_Task:_ Only the lines from the one containing "Photo: Pushbutton White" through the end of the material should be printed, exactly as they appear. Leave out pictures.
= Beginning of Section =
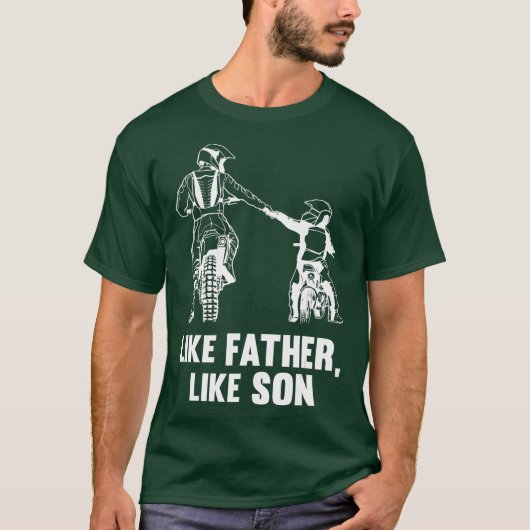 Like父Likeソンモトクロスバイクもしくは自転車に乗る人バイクギフト Tシャツ (正面)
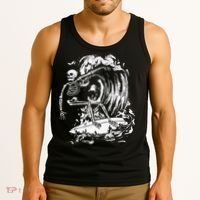 Skeleton Surfing Lazy Halloween Costume Skull Bones Surfer Tank Top thumb 3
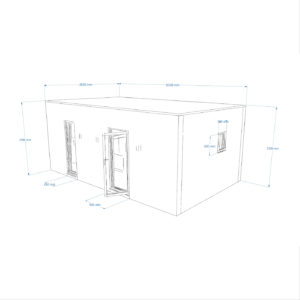 Exterior dimensions for 3.9m by 6.2m mobile home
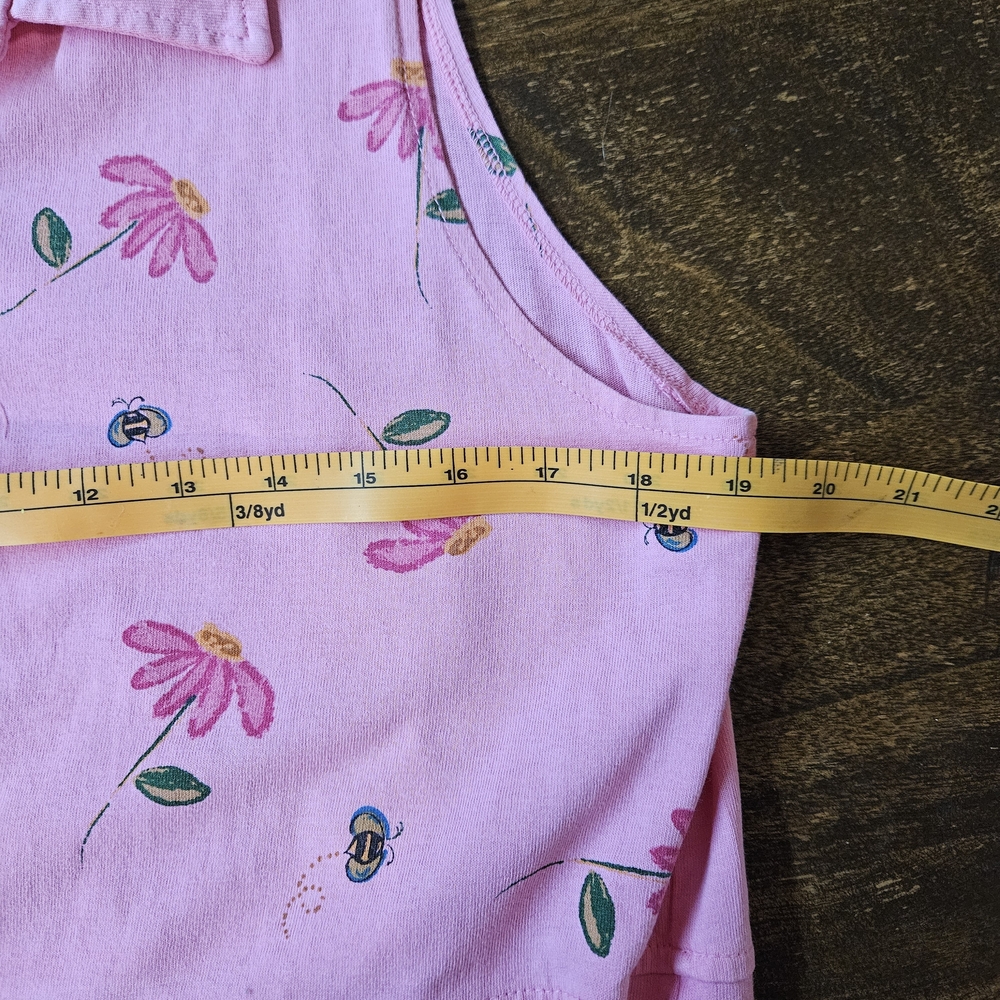 Vintage 90s Zip Code Pink Floral Bumble Bee Cotton Knit Maxi Dress - Large - Picture 5 of 6
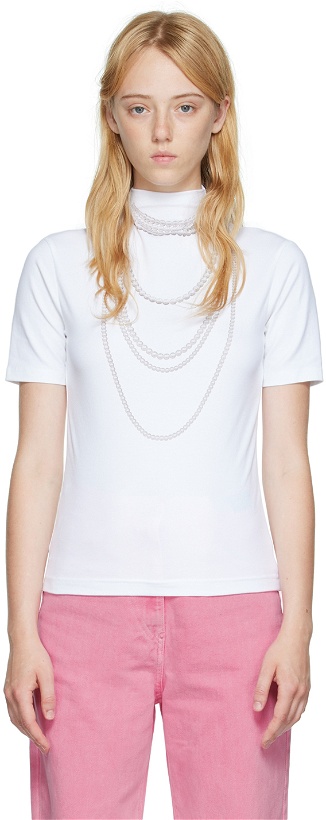 Photo: Pushbutton White Pearl Necklace T-Shirt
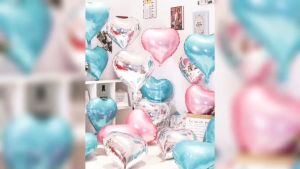 【5pcs】Festive Balloon Party Festive Background Diy Decoration Shiny Metallic Finish Heart Shape Foil Balloons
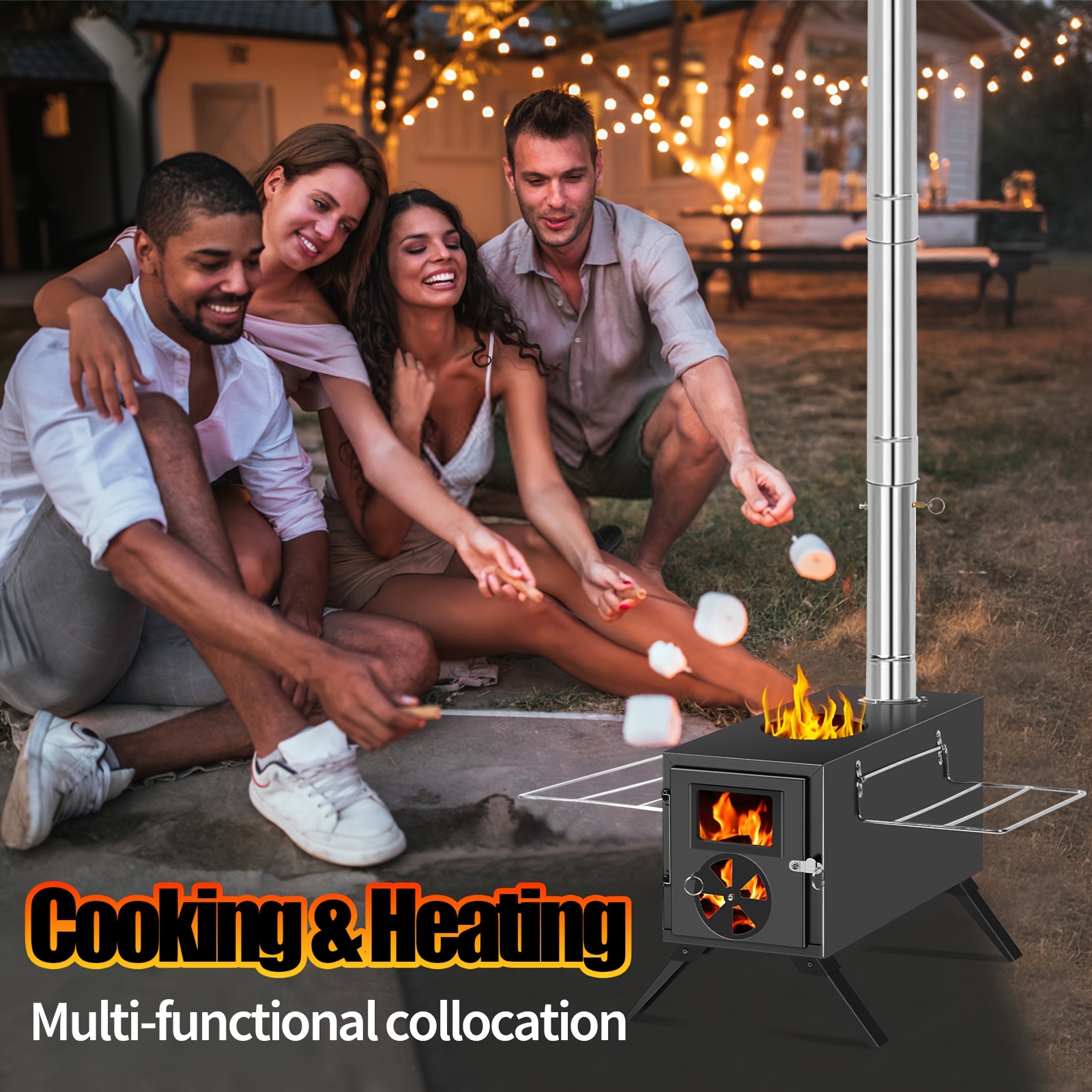 TEMU Wood Burning Stoves, Patio Stoves, Tent Stoves, Portable With Chimney Pipe, Front Window, Side Racks, Patio Wood Burning Stoves For Outdoor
= End of Section =
_Reply:_
 Photo: Pushbutton White Pearl Necklace T-Shirt
 【5pcs】Festive Balloon Party Festive Background Diy Decoration Shiny Metallic Finish Heart Shape Foil Balloons
 TEMU Wood Burning Stoves, Patio Stoves, Tent Stoves, Portable With Chimney Pipe, Front Window, Side Racks, Patio Wood Burning Stoves For Outdoor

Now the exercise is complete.